→ **What to do**
Task for the listing below: copy it out in full, exactly.

→ **Data block**
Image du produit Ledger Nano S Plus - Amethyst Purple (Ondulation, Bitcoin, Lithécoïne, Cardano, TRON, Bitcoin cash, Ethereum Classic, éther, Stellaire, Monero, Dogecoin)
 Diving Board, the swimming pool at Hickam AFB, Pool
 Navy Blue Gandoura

→ **Answer space**
Image du produit Ledger Nano S Plus - Amethyst Purple (Ondulation, Bitcoin, Lithécoïne, Cardano, TRON, Bitcoin cash, Ethereum Classic, éther, Stellaire, Monero, Dogecoin)
 Diving Board, the swimming pool at Hickam AFB, Pool
 Navy Blue Gandoura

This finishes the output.